— THE PROBLEM —
Retype, word for word, every line of the records below starting at the one that contains "Read Dungeon Elf" and ending at the one that contains "Page 29 Chapter"; include both of those lines and nothing more.

LISTED RECORDS Block Start

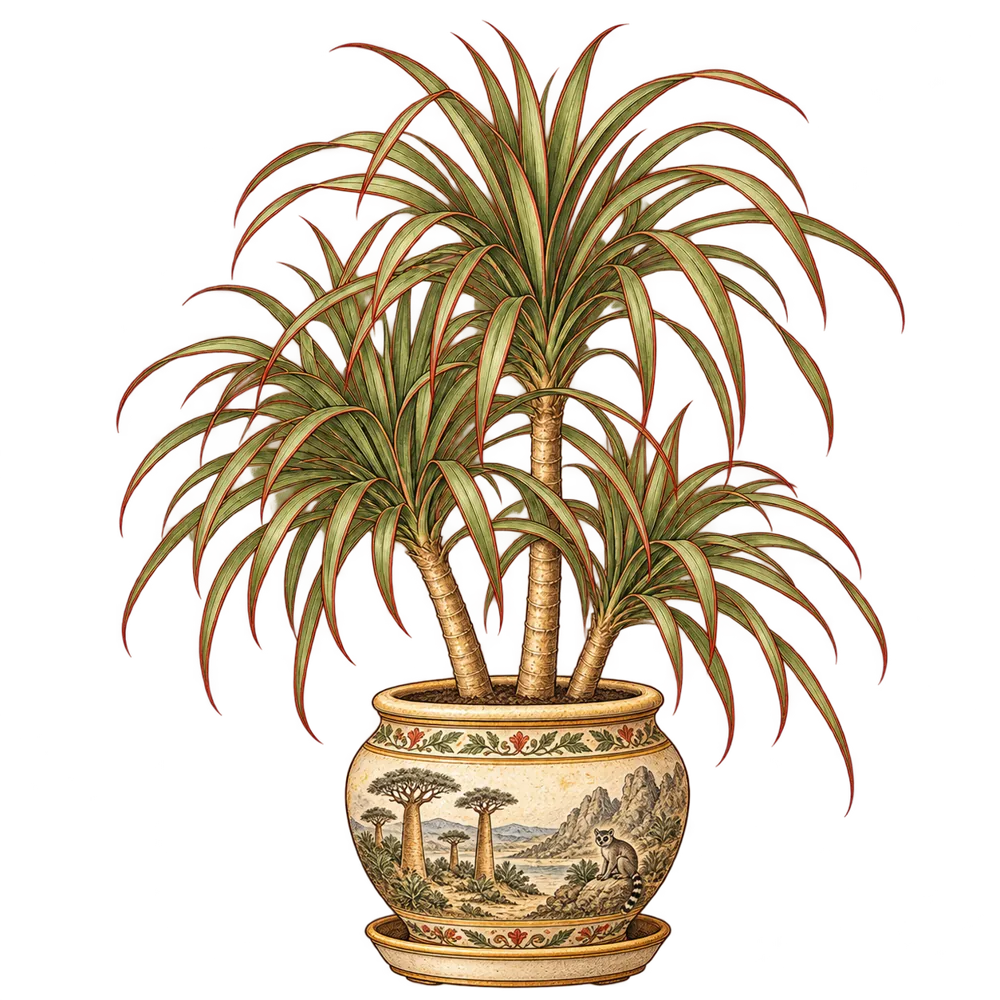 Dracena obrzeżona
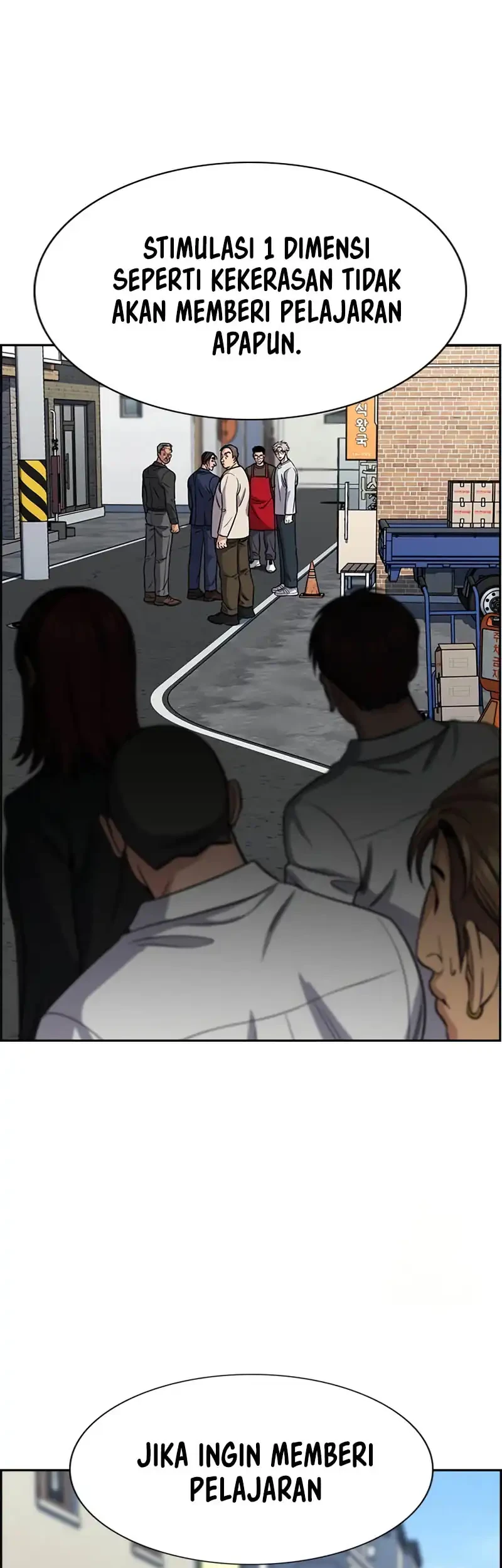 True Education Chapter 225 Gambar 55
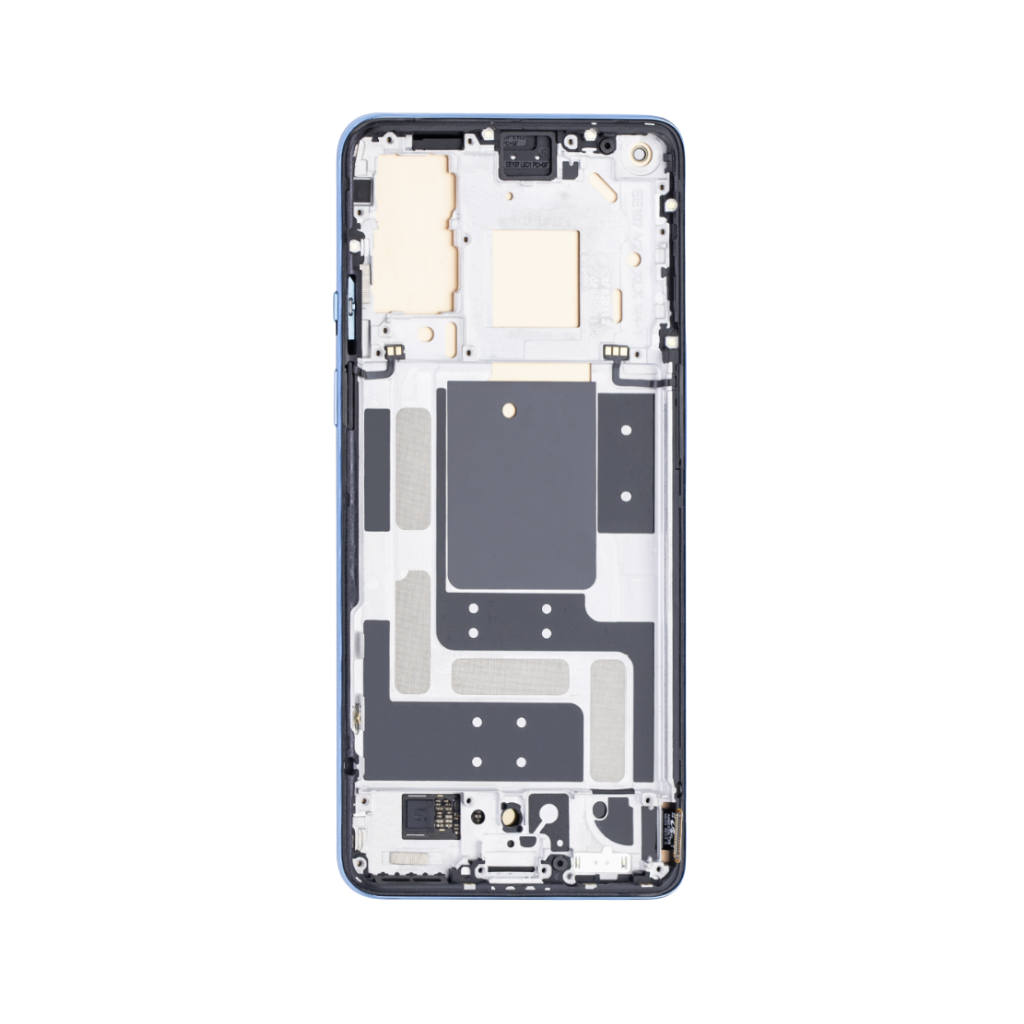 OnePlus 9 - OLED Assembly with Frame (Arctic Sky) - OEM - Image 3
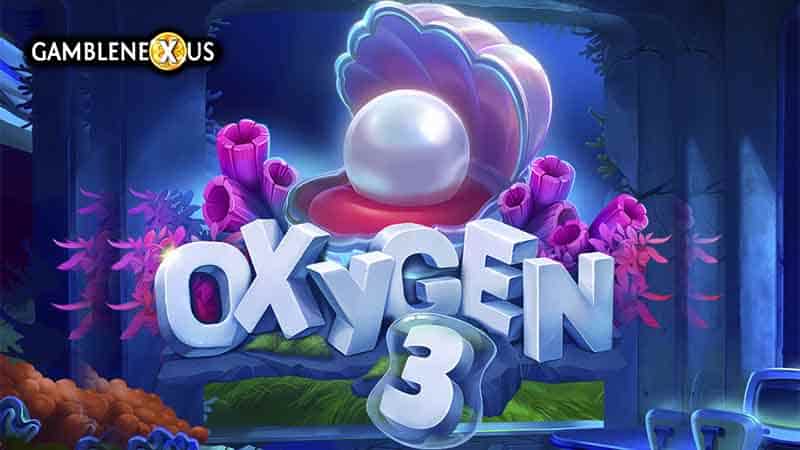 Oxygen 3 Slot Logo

LISTED RECORDS Block End
LISTED RECORDS Block Start

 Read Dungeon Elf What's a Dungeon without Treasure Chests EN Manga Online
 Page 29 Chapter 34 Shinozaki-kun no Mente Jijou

LISTED RECORDS Block End

— SOLUTION BELOW —
 Read Dungeon Elf What's a Dungeon without Treasure Chests EN Manga Online
 Page 29 Chapter 34 Shinozaki-kun no Mente Jijou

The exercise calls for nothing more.